- Born: Itthipat Kulapongvanich 24 November 1984 (age 41) Bangkok, Thailand
- Occupations: Chairman and owner, Tao Kae Noi
- Spouse: Praphatsorn Viriyakijnukul
- Children: 2

= Itthipat Peeradechapan =

Thai entrepreneur

Itthipat Peeradechapan (อิทธิพัทธ์ พีระเดชาพันธ์, , surname changed from Kulapongvanich (กุลพงษ์วณิชย์) in 2012), nicknamed Tob (ต๊อบ), is a Thai entrepreneur.

He is most well known for his product Tao Kae Noi, a fried seaweed snack, which is sold around the Asia-Pacific area. He and his family own 73% of the company and Forbes estimated his wealth at $600 million in 2018.

As a young man, Itthipat gained success at playing online games and winning tournament prizes. He invested his money into selling fried chestnuts, which became popular in Thailand. With this financial backing, he went on to create the product of packaged deep fried flavored seaweed, which quickly became successful in Thailand, and was exported to Indonesia, Japan, Taiwan, Singapore, Malaysia, and the United States.

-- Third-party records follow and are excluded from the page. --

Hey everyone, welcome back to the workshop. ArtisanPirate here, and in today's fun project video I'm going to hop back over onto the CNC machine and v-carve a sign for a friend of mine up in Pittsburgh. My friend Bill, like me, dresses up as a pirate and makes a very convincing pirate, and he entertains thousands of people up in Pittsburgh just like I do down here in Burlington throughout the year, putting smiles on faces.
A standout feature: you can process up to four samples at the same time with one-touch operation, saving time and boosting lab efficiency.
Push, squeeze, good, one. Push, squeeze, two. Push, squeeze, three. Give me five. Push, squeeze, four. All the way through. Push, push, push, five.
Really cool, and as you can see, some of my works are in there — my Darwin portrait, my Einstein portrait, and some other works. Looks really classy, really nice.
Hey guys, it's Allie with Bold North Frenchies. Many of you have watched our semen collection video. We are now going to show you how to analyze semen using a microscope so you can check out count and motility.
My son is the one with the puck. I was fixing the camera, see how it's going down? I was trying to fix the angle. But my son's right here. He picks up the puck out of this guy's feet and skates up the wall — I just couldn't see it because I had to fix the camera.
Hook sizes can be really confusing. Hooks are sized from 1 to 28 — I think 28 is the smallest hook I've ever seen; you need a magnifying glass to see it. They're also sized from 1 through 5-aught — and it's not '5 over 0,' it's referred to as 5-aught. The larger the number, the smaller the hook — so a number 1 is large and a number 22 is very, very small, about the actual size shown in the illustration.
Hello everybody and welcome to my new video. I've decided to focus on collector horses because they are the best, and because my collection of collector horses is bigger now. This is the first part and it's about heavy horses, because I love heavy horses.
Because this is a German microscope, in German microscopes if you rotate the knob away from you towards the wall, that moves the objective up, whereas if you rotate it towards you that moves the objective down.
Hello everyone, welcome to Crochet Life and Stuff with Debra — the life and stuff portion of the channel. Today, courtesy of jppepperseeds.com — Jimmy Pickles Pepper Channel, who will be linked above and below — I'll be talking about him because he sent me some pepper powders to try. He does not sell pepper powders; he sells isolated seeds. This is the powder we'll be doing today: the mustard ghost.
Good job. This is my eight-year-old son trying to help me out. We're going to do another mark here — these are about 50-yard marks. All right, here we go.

A Thai movie, The Billionaire, was loosely based on his life. The title refers to his status as a billionaire in Thai baht.

== Early life ==
Itthipat Kulapongvanich was born on November 24, 1984, in Thailand to a wealthy Thai Chinese family with interests in the construction industry. He attained his education from kindergarten and elementary at Panapun Wittaya School, high school at St. Francis Xavier School and senior from Suankularb Wittayalai Nonthaburi School. He obtained his bachelor's degree in business administration from the University of the Thai Chamber of Commerce.

== Business career ==
When he was still 16 years old, he was addicted to online games. Even though he gained success at playing online games and winning tournament prizes because of his hobby playing online games, he was often underestimated by his teachers at school. He decided to drop out from school to become a chestnut peddler when he was 17 years old. He invested his money into selling fried chestnuts, which became popular in Thailand.

In 2004, Itthipat founded Tao Kae Noi (Little Tycoon) Food and Marketing Co., Ltd. The brand sold fried seaweed snacks, which became highly popular among teenagers and office workers. In December 2015, the company had its initial public offer (IPO) on the Stock Exchange of Thailand, raising 1.8 billion baht. His success has made him popular among business circles and media. The company reported a net profit of 160 million baht in its third quarter in 2017. Itthipat has said he targets revenue of 1 billion U.S. dollars in 7–8 years.